Retype the data exactly, so that every line matches the original.

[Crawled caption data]
=======
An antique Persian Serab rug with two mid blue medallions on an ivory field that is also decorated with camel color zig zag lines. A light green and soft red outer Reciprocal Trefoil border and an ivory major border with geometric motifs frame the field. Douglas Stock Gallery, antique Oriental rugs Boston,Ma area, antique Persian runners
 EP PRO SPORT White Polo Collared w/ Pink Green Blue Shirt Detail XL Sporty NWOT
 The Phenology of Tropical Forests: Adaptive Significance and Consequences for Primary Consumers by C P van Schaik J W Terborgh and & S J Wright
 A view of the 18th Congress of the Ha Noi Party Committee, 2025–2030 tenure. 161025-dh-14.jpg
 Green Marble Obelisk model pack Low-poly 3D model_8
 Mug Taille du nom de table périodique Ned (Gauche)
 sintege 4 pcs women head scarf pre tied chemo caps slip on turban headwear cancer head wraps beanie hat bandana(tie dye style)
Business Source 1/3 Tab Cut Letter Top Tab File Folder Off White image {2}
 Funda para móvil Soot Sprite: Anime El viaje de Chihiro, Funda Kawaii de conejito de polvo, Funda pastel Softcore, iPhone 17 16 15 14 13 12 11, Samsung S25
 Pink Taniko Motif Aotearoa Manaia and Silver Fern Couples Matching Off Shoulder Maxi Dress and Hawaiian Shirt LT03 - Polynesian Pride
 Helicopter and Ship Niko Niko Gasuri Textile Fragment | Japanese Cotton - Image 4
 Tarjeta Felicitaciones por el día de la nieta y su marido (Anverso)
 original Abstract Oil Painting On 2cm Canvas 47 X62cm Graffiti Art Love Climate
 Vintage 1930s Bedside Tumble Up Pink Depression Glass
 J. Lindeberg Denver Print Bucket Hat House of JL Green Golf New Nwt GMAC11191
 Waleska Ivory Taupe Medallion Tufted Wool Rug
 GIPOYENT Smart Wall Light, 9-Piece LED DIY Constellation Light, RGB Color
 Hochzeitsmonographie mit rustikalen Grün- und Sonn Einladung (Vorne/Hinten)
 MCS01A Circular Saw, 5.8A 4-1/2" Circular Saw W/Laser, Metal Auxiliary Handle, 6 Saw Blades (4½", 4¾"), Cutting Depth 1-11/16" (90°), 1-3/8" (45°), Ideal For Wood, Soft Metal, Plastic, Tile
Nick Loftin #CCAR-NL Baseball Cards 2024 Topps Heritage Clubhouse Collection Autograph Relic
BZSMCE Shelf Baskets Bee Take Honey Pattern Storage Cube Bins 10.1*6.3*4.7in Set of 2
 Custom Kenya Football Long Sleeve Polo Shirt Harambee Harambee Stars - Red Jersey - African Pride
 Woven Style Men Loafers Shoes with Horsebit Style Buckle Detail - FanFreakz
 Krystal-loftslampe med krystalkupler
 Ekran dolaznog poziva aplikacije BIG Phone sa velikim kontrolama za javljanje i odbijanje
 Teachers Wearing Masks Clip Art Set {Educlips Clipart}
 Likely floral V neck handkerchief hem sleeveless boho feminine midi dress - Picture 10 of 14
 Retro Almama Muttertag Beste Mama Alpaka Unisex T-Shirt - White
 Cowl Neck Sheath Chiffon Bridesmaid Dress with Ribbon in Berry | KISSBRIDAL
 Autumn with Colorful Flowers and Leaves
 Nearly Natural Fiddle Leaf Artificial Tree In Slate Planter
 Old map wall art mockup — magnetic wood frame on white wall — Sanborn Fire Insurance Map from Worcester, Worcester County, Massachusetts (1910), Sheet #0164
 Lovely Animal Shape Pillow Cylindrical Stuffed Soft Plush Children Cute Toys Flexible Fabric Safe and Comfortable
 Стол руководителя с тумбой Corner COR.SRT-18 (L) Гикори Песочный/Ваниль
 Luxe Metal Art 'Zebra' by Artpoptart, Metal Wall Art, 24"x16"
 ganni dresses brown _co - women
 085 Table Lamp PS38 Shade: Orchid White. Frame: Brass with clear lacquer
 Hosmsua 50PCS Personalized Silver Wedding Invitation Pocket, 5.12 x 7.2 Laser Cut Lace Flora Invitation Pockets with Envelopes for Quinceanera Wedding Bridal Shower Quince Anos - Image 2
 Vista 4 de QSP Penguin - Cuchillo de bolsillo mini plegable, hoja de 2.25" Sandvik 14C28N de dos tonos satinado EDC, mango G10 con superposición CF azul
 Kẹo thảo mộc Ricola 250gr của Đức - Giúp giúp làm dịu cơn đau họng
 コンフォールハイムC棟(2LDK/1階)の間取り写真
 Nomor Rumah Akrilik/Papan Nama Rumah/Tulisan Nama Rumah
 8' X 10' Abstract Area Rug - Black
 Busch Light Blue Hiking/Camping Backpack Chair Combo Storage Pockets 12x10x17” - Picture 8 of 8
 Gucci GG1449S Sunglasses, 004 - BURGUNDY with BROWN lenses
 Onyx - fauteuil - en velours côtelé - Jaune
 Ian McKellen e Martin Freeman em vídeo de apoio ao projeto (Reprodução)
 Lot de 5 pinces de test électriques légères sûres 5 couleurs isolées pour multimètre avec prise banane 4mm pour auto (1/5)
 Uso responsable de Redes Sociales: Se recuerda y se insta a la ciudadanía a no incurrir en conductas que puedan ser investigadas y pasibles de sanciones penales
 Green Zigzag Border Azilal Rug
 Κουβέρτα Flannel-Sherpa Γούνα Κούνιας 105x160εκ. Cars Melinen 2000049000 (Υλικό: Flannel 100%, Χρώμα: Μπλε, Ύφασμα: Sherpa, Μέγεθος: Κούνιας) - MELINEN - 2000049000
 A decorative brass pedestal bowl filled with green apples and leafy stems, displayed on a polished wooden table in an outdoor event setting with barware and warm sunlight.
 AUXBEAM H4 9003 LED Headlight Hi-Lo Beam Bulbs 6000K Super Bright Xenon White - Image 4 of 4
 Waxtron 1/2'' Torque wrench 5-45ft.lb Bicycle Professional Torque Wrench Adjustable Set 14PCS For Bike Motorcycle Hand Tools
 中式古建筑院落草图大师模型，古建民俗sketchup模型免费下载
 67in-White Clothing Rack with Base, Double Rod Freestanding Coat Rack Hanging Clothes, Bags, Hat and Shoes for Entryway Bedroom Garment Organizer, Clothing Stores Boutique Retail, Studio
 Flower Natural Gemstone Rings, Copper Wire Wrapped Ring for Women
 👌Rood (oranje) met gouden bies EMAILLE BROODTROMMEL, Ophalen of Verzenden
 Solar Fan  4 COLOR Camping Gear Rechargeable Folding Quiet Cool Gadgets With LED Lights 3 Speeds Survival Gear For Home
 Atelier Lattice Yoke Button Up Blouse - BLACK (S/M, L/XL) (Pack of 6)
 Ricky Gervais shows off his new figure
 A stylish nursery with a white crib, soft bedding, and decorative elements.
=======
| Response to this task |
An antique Persian Serab rug with two mid blue medallions on an ivory field that is also decorated with camel color zig zag lines. A light green and soft red outer Reciprocal Trefoil border and an ivory major border with geometric motifs frame the field. Douglas Stock Gallery, antique Oriental rugs Boston,Ma area, antique Persian runners
 EP PRO SPORT White Polo Collared w/ Pink Green Blue Shirt Detail XL Sporty NWOT
 The Phenology of Tropical Forests: Adaptive Significance and Consequences for Primary Consumers by C P van Schaik J W Terborgh and & S J Wright
 A view of the 18th Congress of the Ha Noi Party Committee, 2025–2030 tenure. 161025-dh-14.jpg
 Green Marble Obelisk model pack Low-poly 3D model_8
 Mug Taille du nom de table périodique Ned (Gauche)
 sintege 4 pcs women head scarf pre tied chemo caps slip on turban headwear cancer head wraps beanie hat bandana(tie dye style)
Business Source 1/3 Tab Cut Letter Top Tab File Folder Off White image {2}
 Funda para móvil Soot Sprite: Anime El viaje de Chihiro, Funda Kawaii de conejito de polvo, Funda pastel Softcore, iPhone 17 16 15 14 13 12 11, Samsung S25
 Pink Taniko Motif Aotearoa Manaia and Silver Fern Couples Matching Off Shoulder Maxi Dress and Hawaiian Shirt LT03 - Polynesian Pride
 Helicopter and Ship Niko Niko Gasuri Textile Fragment | Japanese Cotton - Image 4
 Tarjeta Felicitaciones por el día de la nieta y su marido (Anverso)
 original Abstract Oil Painting On 2cm Canvas 47 X62cm Graffiti Art Love Climate
 Vintage 1930s Bedside Tumble Up Pink Depression Glass
 J. Lindeberg Denver Print Bucket Hat House of JL Green Golf New Nwt GMAC11191
 Waleska Ivory Taupe Medallion Tufted Wool Rug
 GIPOYENT Smart Wall Light, 9-Piece LED DIY Constellation Light, RGB Color
 Hochzeitsmonographie mit rustikalen Grün- und Sonn Einladung (Vorne/Hinten)
 MCS01A Circular Saw, 5.8A 4-1/2" Circular Saw W/Laser, Metal Auxiliary Handle, 6 Saw Blades (4½", 4¾"), Cutting Depth 1-11/16" (90°), 1-3/8" (45°), Ideal For Wood, Soft Metal, Plastic, Tile
Nick Loftin #CCAR-NL Baseball Cards 2024 Topps Heritage Clubhouse Collection Autograph Relic
BZSMCE Shelf Baskets Bee Take Honey Pattern Storage Cube Bins 10.1*6.3*4.7in Set of 2
 Custom Kenya Football Long Sleeve Polo Shirt Harambee Harambee Stars - Red Jersey - African Pride
 Woven Style Men Loafers Shoes with Horsebit Style Buckle Detail - FanFreakz
 Krystal-loftslampe med krystalkupler
 Ekran dolaznog poziva aplikacije BIG Phone sa velikim kontrolama za javljanje i odbijanje
 Teachers Wearing Masks Clip Art Set {Educlips Clipart}
 Likely floral V neck handkerchief hem sleeveless boho feminine midi dress - Picture 10 of 14
 Retro Almama Muttertag Beste Mama Alpaka Unisex T-Shirt - White
 Cowl Neck Sheath Chiffon Bridesmaid Dress with Ribbon in Berry | KISSBRIDAL
 Autumn with Colorful Flowers and Leaves
 Nearly Natural Fiddle Leaf Artificial Tree In Slate Planter
 Old map wall art mockup — magnetic wood frame on white wall — Sanborn Fire Insurance Map from Worcester, Worcester County, Massachusetts (1910), Sheet #0164
 Lovely Animal Shape Pillow Cylindrical Stuffed Soft Plush Children Cute Toys Flexible Fabric Safe and Comfortable
 Стол руководителя с тумбой Corner COR.SRT-18 (L) Гикори Песочный/Ваниль
 Luxe Metal Art 'Zebra' by Artpoptart, Metal Wall Art, 24"x16"
 ganni dresses brown _co - women
 085 Table Lamp PS38 Shade: Orchid White. Frame: Brass with clear lacquer
 Hosmsua 50PCS Personalized Silver Wedding Invitation Pocket, 5.12 x 7.2 Laser Cut Lace Flora Invitation Pockets with Envelopes for Quinceanera Wedding Bridal Shower Quince Anos - Image 2
 Vista 4 de QSP Penguin - Cuchillo de bolsillo mini plegable, hoja de 2.25" Sandvik 14C28N de dos tonos satinado EDC, mango G10 con superposición CF azul
 Kẹo thảo mộc Ricola 250gr của Đức - Giúp giúp làm dịu cơn đau họng
 コンフォールハイムC棟(2LDK/1階)の間取り写真
 Nomor Rumah Akrilik/Papan Nama Rumah/Tulisan Nama Rumah
 8' X 10' Abstract Area Rug - Black
 Busch Light Blue Hiking/Camping Backpack Chair Combo Storage Pockets 12x10x17” - Picture 8 of 8
 Gucci GG1449S Sunglasses, 004 - BURGUNDY with BROWN lenses
 Onyx - fauteuil - en velours côtelé - Jaune
 Ian McKellen e Martin Freeman em vídeo de apoio ao projeto (Reprodução)
 Lot de 5 pinces de test électriques légères sûres 5 couleurs isolées pour multimètre avec prise banane 4mm pour auto (1/5)
 Uso responsable de Redes Sociales: Se recuerda y se insta a la ciudadanía a no incurrir en conductas que puedan ser investigadas y pasibles de sanciones penales
 Green Zigzag Border Azilal Rug
 Κουβέρτα Flannel-Sherpa Γούνα Κούνιας 105x160εκ. Cars Melinen 2000049000 (Υλικό: Flannel 100%, Χρώμα: Μπλε, Ύφασμα: Sherpa, Μέγεθος: Κούνιας) - MELINEN - 2000049000
 A decorative brass pedestal bowl filled with green apples and leafy stems, displayed on a polished wooden table in an outdoor event setting with barware and warm sunlight.
 AUXBEAM H4 9003 LED Headlight Hi-Lo Beam Bulbs 6000K Super Bright Xenon White - Image 4 of 4
 Waxtron 1/2'' Torque wrench 5-45ft.lb Bicycle Professional Torque Wrench Adjustable Set 14PCS For Bike Motorcycle Hand Tools
 中式古建筑院落草图大师模型，古建民俗sketchup模型免费下载
 67in-White Clothing Rack with Base, Double Rod Freestanding Coat Rack Hanging Clothes, Bags, Hat and Shoes for Entryway Bedroom Garment Organizer, Clothing Stores Boutique Retail, Studio
 Flower Natural Gemstone Rings, Copper Wire Wrapped Ring for Women
 👌Rood (oranje) met gouden bies EMAILLE BROODTROMMEL, Ophalen of Verzenden
 Solar Fan  4 COLOR Camping Gear Rechargeable Folding Quiet Cool Gadgets With LED Lights 3 Speeds Survival Gear For Home
 Atelier Lattice Yoke Button Up Blouse - BLACK (S/M, L/XL) (Pack of 6)
 Ricky Gervais shows off his new figure
 A stylish nursery with a white crib, soft bedding, and decorative elements.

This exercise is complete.